Indexes: Analyzers
-
RavenDB uses indexes to facilitate fast queries powered by Lucene, the full-text search engine.
-
The indexing of a single document starts from creating Lucene's Document according to an index definition. Lucene processes it by breaking it into fields and splitting all the text from each field into tokens (or terms) in a process called tokenization. These tokens/terms will be kept in the index, and later can be searched upon.
The tokenization process uses an object called an Analyzer. -
The indexing process and its results can be controlled by various field options and by the Analyzers.
-
In this page:
Understanding Analyzers
Lucene offers several Analyzers out of the box.
New customized analyzers can also be created.
Various Analyzers differ in the way they split the text stream ("tokenize"),
and in the way they process those tokens in post-tokenization.
The examples below use the following text:
The quick brown fox jumped over the lazy dogs, Bob@hotmail.com 123432.
Analyzers that remove common "Stop Words":
Stop words (e.g. the, it, a, is, this, who, that...) are often removed to narrow search results by including only words that are used less frequently.
If you want to include words such as IT (Information Technology), be aware that these analyzers will recognize IT as one of the stop words and remove it from searches.

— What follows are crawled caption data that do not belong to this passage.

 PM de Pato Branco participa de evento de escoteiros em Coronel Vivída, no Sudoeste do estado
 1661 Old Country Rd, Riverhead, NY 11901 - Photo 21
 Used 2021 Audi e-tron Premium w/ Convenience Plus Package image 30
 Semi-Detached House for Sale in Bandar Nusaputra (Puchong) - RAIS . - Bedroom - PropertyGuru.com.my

This can affect other acronyms such as WHO (World Health Organization) or names such as "The Who" or "The IT Crowd".
To prevent excluding acronyms, you can either spell out the entire title instead of abbreviating it or use an analyzer that doesn't remove stop words.
-
StandardAnalyzer, which is Lucene's default, will produce the following tokens:
[quick] [brown] [fox] [jumped] [over] [lazy] [dog] [bob@hotmail.com] [123432]

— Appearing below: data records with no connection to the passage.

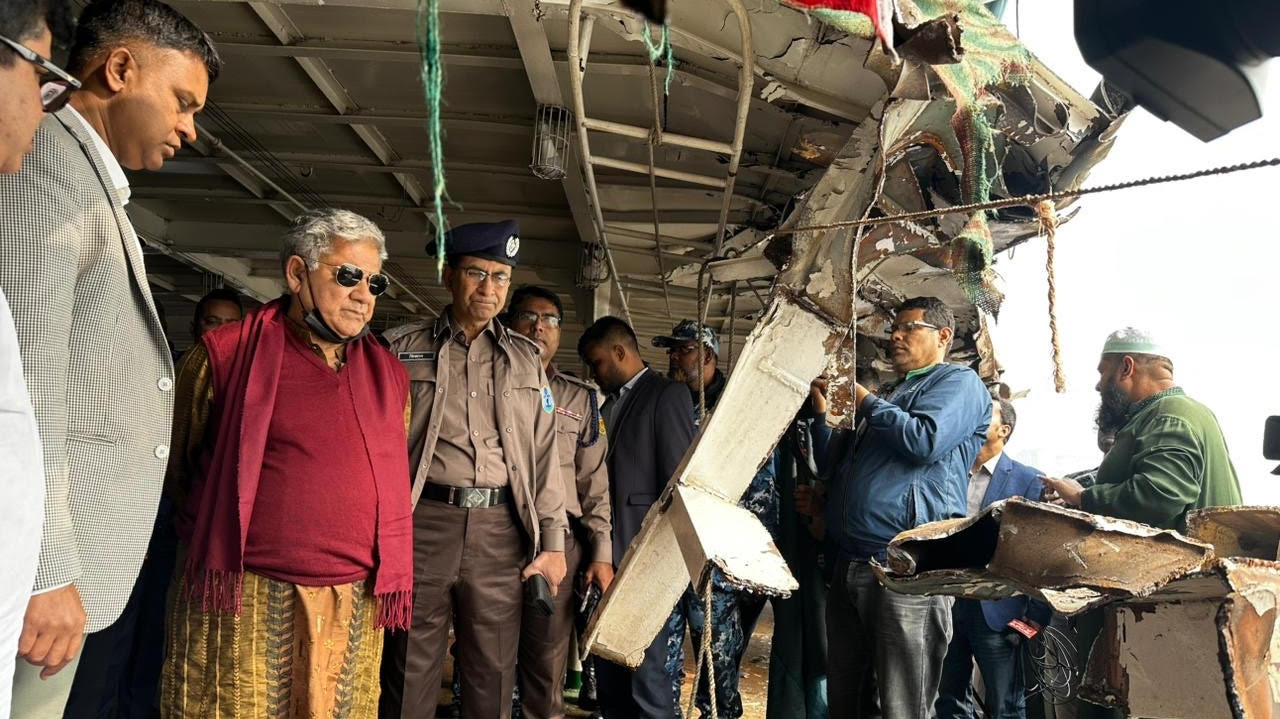 লঞ্চ দুর্ঘটনায় হতাহতদের ক্ষতিপূরণের ঘোষণা নৌ উপদেষ্টার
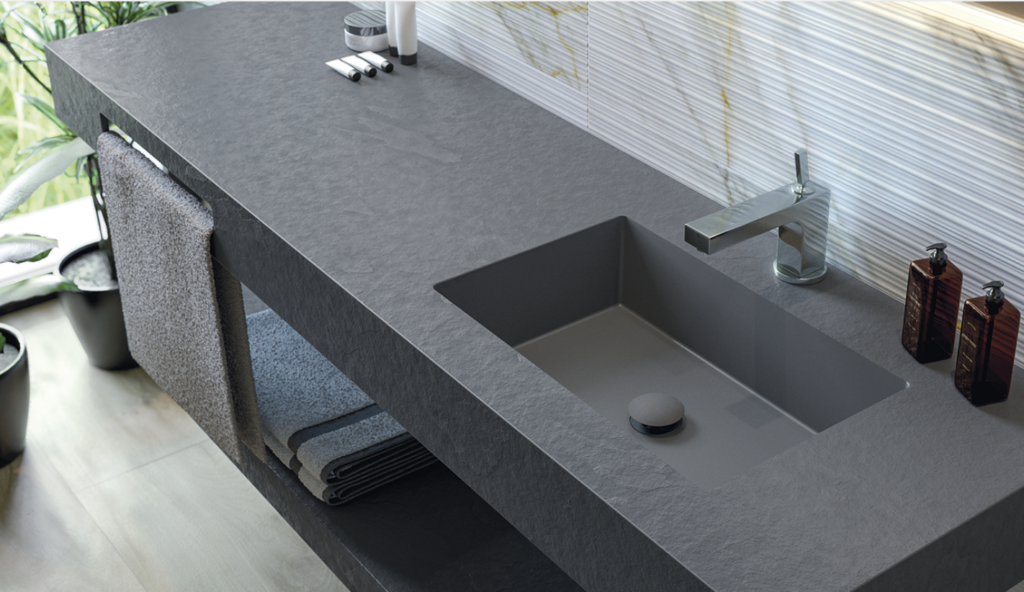 Elegante baño con encimera baño negra Solidker
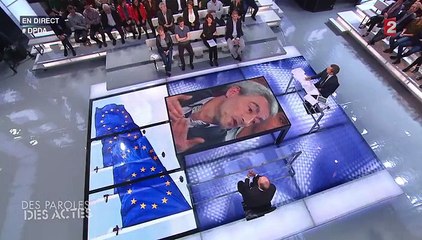 Bernard Cazeneuve n'exclut pas de prolonger l'état d'urgence "si dans trois mois l'évaluation de la menace est au même niveau"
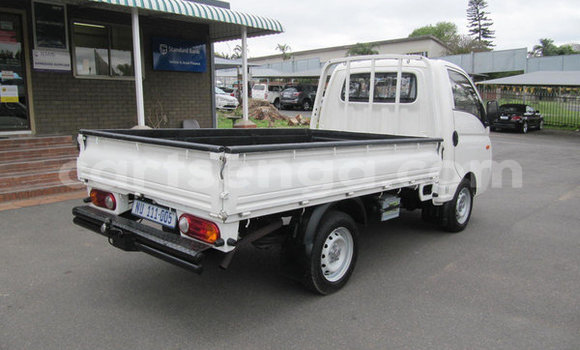 Acheter Occasion Utilitaire Hyundai H200 Blanc à Nhlangano, Shiselweni District Acheter Occasion Utilitaire Hyundai H200 Blanc à Nhlangano, Shiselweni District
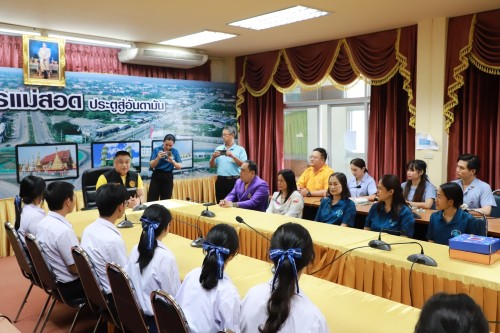 เทศบาลนครแม่สอด มอบเกียรติบัตรให้แก่นักเรียนโรงเรียนสรรพวิทยาคม ผู้ผ่านการฝึกประสบการณ์ ในคลินิกชุมอบอุ่น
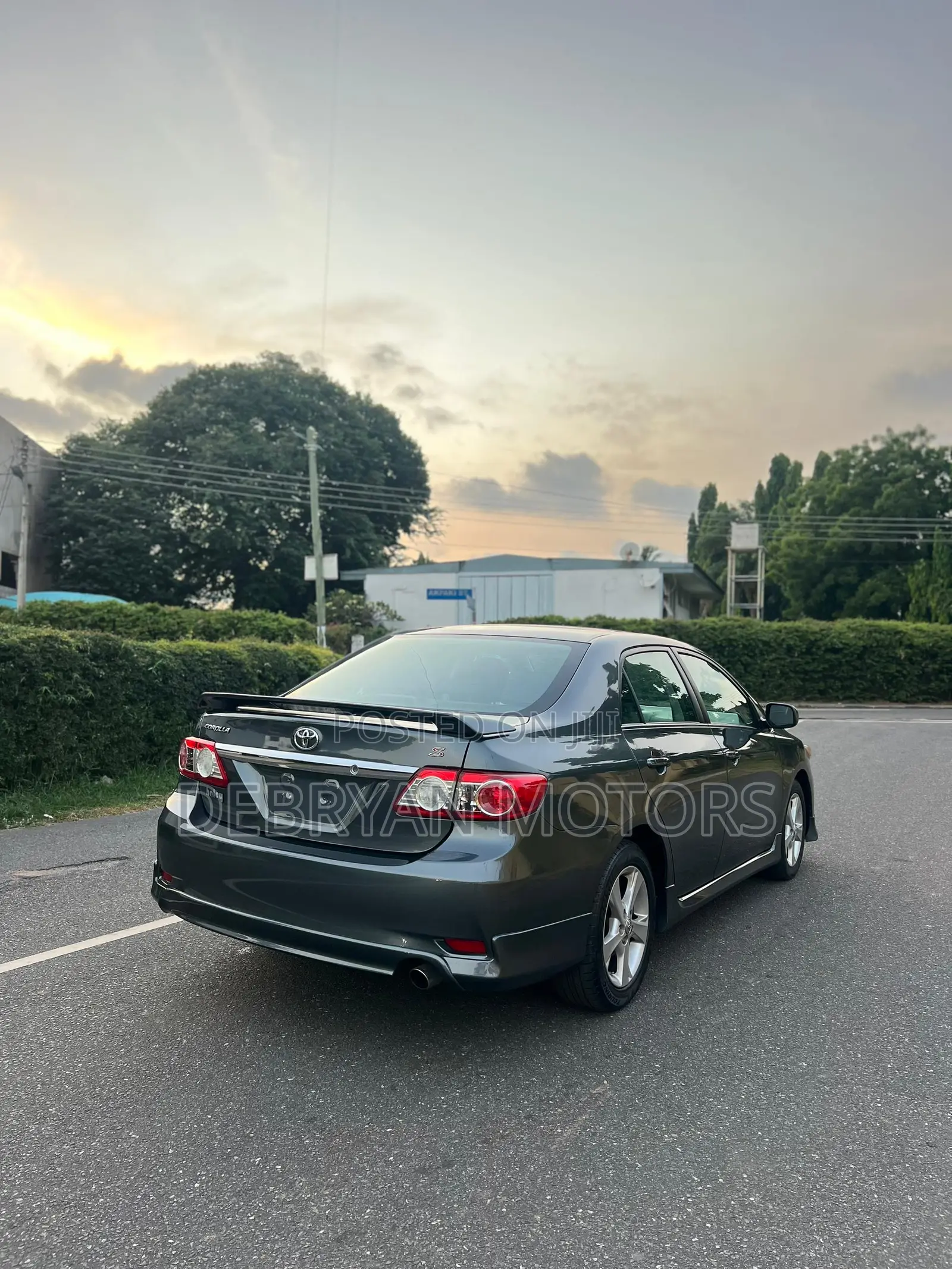 Toyota Corolla S 5-Speed 2013 Gray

Removes common "stop words".
Separates on whitespace and punctuation that is followed by whitespace - a dot that is not followed by whitespace is considered part of the token.
Converts to lower-case letters so that searches aren't case-sensitive.

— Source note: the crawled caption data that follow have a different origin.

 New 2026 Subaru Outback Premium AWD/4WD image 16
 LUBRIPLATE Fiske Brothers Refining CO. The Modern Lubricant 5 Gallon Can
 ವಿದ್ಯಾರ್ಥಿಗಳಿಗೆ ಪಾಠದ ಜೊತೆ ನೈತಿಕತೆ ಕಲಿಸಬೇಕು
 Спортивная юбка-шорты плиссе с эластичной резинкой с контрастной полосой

Email addresses and internet hostnames are one token.
Splits words at hyphens, unless there's a number in the token, in which case the whole token is interpreted as a product number and is not split. -
StopAnalyzer will work similarly, but will not perform light stemming and will only tokenize on white space:
[quick] [brown] [fox] [jumped] [over] [lazy] [dogs] [bob] [hotmail] [com]
Removes numbers and symbols and separates tokens with them.
This means that email and web addresses are separated.
Removes common "stop words".
Separates on white spaces.
Converts to lower-case letters so that searches aren't case sensitive.
Analyzers that do not remove common "Stop Words"
-
SimpleAnalyzer will tokenize on all non-alpha characters and will make all the tokens lowercase:
[the] [quick] [brown] [fox] [jumped] [over] [the] [lazy] [dogs] [bob] [hotmail] [com]
Includes common "stop words".
Removes numbers and symbols and separates tokens with them.
This means that email and web addresses are separated.
Separates on white spaces.
Converts to lower-case letters so that searches aren't case sensitive. -
WhitespaceAnalyzer will just tokenize on white spaces:
[The] [quick] [brown] [fox] [jumped] [over] [the] [lazy] [dogs,] [Bob@hotmail.com] [123432.]
Only separates on whitespaces.
Preserves upper/lower cases in text, which means that searches will be case-sensitive.
Email and web addresses, phone numbers, and other such forms of ID are kept whole. -
KeywordAnalyzer will perform no tokenization, and will consider the whole text as one token:
[The quick brown fox jumped over the lazy dogs, bob@hotmail.com 123432.]
Preserves upper/lower cases in text for case-sensitive searches.
Useful in situations like IDs and codes where you do not want to separate into multiple tokens.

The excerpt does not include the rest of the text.